**Required work**
Match the word "Quilted". Return each line of the data below where it appears.
+ + + +
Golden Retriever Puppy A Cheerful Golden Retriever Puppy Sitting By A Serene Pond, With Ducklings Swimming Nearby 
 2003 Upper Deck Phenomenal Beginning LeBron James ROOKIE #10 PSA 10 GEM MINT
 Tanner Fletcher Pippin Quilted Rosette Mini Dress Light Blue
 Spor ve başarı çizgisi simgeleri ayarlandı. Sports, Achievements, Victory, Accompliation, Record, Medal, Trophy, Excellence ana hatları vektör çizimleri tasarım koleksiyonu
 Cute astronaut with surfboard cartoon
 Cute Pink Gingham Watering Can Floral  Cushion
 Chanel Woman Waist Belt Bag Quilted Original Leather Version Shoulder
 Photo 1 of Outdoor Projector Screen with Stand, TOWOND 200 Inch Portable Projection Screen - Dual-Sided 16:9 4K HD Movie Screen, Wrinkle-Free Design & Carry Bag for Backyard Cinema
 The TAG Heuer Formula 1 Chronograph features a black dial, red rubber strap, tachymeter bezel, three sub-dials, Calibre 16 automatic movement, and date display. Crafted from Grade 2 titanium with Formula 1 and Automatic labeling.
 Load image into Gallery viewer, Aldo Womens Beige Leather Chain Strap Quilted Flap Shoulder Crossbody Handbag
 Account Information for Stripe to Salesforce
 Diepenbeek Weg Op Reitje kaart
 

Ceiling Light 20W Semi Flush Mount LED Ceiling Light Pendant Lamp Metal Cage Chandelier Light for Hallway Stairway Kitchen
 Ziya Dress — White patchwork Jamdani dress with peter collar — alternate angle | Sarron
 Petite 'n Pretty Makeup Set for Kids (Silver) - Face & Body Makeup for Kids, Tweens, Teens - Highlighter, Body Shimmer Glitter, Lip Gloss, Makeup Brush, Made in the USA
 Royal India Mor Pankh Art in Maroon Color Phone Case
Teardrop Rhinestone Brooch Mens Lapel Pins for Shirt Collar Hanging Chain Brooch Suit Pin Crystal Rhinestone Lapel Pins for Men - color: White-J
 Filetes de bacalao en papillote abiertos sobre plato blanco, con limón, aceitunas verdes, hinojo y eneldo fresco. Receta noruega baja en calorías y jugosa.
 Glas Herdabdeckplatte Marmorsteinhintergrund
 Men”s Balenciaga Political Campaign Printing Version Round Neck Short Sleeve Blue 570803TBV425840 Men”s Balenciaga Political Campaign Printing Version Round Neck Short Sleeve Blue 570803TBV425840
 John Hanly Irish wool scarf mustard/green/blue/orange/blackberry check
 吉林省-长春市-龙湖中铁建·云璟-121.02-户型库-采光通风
+ + + +
**Solution for this problem**
 Tanner Fletcher Pippin Quilted Rosette Mini Dress Light Blue
 Chanel Woman Waist Belt Bag Quilted Original Leather Version Shoulder
 Load image into Gallery viewer, Aldo Womens Beige Leather Chain Strap Quilted Flap Shoulder Crossbody Handbag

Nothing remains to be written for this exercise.